# Problem: Ton bleibt hängen, Bildschirm geht Standby, PC stürzt ab.



## MasterFarr (29. Juni 2013)

*Problem: Ton bleibt hängen, Bildschirm geht Standby, PC stürzt ab.*

Hey Leute,

leider hat googlen und dieses Forum durchsuchen nichts gebracht und wenn ich hier in den Falschen Foren bereich poste dann tut es mit leid habe nichts besseres gefunden 

Mein Problem:

Wenn ich ein Spiel spiele (Trackmania, Trine2 oder Diablo 3) kommt es ab und an dazu dass der Ton hängen bleibt, der Bildschirm wird schwarz und geht in den Standby Modus und dann stürzt der ganze pc ab und ich muss Neustarten.
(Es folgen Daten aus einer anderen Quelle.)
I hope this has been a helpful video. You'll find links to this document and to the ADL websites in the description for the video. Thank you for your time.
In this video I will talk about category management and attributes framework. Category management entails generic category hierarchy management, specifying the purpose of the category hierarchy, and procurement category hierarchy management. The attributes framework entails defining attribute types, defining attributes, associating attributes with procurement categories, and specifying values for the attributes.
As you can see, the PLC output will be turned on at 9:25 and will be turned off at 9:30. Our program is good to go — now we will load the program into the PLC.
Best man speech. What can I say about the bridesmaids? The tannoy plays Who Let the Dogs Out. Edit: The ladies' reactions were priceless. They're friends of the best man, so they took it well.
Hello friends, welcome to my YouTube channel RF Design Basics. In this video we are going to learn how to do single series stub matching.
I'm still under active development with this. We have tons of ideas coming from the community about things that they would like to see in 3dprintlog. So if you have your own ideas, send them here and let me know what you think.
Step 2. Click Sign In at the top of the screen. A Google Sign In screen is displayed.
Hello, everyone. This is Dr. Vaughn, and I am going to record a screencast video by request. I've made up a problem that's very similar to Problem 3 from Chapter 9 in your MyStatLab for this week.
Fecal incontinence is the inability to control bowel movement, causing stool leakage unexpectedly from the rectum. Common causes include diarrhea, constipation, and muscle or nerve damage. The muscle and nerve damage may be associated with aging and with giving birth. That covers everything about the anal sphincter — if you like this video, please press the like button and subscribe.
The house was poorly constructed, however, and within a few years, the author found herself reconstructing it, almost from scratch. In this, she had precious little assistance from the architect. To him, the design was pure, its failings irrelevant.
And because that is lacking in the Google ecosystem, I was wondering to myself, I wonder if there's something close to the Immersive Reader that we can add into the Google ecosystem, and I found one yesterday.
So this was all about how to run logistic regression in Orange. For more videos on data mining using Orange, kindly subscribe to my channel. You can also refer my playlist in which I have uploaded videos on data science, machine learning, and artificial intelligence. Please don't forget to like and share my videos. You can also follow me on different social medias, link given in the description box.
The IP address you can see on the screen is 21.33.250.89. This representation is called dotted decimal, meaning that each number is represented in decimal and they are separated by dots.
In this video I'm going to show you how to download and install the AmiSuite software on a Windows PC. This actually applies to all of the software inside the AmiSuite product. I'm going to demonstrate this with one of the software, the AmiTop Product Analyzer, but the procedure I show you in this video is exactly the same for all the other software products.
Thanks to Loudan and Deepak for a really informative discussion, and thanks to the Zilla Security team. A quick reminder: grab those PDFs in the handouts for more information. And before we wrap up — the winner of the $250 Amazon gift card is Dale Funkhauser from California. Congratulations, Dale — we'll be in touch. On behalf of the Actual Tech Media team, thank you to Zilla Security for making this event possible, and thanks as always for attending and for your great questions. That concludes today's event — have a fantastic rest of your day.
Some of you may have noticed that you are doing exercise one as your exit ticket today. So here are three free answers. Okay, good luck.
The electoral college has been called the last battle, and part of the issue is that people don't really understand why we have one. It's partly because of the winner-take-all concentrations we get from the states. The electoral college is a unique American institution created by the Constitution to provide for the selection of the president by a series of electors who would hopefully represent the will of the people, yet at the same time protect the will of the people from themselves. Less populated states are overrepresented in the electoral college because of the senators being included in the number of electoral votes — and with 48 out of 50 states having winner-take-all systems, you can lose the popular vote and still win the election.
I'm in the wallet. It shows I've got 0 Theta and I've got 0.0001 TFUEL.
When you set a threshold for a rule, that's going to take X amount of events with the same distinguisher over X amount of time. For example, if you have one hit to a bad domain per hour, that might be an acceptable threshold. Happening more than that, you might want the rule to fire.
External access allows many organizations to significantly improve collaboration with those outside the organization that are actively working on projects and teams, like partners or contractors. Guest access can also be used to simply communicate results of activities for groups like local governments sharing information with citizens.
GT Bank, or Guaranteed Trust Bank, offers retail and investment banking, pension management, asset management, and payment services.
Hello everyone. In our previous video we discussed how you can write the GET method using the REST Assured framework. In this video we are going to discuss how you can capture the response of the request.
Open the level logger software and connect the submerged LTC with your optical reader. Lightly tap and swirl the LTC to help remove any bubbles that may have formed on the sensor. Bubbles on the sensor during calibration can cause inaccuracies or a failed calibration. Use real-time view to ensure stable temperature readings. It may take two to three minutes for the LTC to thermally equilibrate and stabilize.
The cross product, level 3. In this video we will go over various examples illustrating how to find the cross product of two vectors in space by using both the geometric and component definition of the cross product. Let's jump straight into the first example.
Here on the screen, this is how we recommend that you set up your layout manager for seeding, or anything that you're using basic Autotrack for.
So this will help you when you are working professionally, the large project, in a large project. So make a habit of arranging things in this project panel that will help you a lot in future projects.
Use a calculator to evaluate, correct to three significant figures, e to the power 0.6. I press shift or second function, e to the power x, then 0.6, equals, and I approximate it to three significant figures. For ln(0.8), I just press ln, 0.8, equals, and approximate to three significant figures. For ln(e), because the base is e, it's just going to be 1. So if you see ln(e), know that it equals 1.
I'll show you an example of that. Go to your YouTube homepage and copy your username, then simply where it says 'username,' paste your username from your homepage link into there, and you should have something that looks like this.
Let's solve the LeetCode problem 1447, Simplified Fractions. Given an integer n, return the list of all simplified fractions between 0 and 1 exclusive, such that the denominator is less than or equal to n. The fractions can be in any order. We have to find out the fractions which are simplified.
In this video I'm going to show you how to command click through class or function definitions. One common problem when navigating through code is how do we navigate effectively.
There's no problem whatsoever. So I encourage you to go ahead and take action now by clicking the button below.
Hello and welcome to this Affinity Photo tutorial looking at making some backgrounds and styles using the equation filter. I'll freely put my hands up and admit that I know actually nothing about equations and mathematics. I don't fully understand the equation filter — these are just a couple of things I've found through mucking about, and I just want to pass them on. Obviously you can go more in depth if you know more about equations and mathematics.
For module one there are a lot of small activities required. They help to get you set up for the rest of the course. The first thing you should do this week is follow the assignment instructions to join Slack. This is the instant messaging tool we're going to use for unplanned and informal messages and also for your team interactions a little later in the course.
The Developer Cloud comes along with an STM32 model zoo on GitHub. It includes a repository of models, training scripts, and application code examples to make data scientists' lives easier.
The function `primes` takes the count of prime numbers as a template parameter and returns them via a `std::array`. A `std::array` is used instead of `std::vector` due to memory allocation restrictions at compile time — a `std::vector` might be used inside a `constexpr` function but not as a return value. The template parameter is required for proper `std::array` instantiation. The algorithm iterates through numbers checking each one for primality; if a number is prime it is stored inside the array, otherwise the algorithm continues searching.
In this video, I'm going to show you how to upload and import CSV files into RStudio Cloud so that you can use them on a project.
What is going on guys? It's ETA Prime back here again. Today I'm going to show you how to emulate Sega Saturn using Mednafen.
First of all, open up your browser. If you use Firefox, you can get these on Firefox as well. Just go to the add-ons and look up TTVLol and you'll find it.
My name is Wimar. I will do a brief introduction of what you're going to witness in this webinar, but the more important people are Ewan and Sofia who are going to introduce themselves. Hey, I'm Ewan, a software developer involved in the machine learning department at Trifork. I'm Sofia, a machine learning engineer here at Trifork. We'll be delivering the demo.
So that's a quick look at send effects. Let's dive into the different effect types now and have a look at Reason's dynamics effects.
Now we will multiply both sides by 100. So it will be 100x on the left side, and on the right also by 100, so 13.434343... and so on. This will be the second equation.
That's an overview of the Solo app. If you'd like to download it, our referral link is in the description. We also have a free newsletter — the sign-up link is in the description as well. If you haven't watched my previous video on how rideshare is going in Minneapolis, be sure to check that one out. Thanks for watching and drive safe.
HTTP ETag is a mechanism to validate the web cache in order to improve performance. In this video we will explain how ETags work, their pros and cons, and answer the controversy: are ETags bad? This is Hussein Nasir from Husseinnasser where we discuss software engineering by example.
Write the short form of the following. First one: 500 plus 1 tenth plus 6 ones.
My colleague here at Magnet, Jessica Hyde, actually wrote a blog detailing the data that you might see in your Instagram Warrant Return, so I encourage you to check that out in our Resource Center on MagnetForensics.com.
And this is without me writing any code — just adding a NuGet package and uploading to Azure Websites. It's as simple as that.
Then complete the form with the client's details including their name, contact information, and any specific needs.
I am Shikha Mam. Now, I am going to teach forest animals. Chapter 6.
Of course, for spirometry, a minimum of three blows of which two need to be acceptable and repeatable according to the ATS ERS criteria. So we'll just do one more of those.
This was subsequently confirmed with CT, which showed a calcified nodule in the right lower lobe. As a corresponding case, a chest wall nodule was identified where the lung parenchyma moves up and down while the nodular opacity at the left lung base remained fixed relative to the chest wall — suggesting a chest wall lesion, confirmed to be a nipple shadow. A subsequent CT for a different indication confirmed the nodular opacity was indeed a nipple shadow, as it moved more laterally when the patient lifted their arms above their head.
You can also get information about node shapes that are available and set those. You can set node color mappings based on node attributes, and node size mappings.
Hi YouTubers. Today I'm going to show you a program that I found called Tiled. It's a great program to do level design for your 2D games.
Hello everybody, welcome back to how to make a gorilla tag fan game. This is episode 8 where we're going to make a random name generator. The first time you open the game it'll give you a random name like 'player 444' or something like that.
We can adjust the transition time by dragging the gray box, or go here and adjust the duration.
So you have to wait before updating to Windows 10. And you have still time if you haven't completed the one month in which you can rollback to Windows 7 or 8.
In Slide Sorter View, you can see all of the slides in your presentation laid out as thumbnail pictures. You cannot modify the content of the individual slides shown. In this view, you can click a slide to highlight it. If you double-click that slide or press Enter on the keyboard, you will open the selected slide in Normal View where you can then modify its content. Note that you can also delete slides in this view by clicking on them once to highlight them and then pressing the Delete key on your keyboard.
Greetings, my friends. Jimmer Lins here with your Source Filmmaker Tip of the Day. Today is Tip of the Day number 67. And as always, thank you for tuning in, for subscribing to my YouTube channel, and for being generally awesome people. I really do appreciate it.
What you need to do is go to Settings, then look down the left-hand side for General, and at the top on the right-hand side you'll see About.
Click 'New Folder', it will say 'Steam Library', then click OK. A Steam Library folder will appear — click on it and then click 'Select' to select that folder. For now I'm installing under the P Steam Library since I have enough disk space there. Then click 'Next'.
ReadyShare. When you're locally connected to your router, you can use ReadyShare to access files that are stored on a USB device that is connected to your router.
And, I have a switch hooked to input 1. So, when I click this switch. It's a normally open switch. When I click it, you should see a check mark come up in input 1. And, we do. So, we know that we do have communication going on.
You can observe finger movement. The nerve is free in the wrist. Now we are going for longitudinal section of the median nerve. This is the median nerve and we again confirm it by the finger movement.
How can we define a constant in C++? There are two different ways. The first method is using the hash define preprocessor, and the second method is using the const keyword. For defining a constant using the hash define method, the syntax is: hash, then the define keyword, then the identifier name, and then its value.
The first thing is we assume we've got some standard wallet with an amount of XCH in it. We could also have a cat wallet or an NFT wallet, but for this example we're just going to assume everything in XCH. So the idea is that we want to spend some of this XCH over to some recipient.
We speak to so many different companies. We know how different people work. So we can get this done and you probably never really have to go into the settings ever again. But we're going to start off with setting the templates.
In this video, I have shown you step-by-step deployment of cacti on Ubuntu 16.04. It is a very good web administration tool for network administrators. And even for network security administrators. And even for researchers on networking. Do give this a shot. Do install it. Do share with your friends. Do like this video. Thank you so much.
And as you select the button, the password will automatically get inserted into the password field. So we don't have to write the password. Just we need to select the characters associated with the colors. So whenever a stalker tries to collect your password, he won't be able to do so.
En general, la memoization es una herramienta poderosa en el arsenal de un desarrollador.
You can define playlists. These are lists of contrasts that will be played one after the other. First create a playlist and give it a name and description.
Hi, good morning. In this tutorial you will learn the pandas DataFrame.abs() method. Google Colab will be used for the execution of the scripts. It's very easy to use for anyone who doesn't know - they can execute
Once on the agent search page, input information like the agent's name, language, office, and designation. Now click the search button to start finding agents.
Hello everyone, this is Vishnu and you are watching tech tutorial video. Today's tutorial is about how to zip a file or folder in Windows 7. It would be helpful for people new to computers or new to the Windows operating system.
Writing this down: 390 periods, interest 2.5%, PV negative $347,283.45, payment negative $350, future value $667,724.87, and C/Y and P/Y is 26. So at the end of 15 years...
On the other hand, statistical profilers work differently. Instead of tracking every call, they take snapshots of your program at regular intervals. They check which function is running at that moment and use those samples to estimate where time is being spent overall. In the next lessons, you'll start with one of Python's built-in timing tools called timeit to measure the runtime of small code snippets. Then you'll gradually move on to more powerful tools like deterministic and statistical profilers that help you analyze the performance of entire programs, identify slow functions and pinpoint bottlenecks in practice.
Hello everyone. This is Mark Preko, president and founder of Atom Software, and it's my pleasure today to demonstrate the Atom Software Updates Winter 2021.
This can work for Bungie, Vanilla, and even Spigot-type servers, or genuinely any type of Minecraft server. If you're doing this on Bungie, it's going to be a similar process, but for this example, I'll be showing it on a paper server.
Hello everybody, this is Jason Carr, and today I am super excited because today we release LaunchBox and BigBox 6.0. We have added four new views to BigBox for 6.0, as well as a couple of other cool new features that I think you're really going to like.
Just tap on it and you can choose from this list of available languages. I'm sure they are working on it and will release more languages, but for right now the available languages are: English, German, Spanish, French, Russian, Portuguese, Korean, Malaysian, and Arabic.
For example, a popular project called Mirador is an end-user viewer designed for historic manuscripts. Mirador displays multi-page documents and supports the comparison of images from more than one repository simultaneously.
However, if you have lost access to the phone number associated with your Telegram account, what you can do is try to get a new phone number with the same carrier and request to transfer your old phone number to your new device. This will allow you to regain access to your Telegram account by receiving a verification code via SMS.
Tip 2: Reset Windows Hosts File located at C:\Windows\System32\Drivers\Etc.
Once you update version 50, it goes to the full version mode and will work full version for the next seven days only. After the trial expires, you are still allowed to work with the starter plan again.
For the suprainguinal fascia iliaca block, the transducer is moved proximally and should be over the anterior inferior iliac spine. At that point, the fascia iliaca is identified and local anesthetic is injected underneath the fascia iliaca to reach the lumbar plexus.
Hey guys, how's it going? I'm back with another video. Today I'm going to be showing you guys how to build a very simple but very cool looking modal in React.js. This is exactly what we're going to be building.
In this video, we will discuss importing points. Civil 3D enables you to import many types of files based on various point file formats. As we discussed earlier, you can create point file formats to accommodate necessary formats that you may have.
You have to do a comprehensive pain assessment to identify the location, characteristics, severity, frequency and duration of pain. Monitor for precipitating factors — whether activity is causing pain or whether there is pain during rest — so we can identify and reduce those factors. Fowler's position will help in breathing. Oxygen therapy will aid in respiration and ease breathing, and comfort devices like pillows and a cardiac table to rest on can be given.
Was kann das sein?

Mein PC:

CPU: AMD FX6300 6x3,50Mzh
Grafikkarte: Powercolor 7870 2GB
Mainboard: Asrock 970 Extreme3
Ram: 8GB G.Skill 1333
Netzteil: 480 Watt be quiet! Straight Power E9 CM Modular 80+ Gold

Was ich schon gemacht habe:

- Wärme überprüft, da ist alles normal bzw nichts überhitzt oder so
- Treiber alle Neu, Mainboard, Grafikkarte usw

Bei dem Spiel Trine2 kann ich es sogar herauf beschwören wenn ich das spiel 5min-10min Spiele... bei Trackmania dauert es 1-2 Stunden und bei Diablo3 kam es nur einmal vor aber das war das erste mal und dort hatte ich 4-5 Stunden am stück gespielt.

Andere Spiele wie TF2, Magicka, Grid2, Defiance ist das überhaupt nicht.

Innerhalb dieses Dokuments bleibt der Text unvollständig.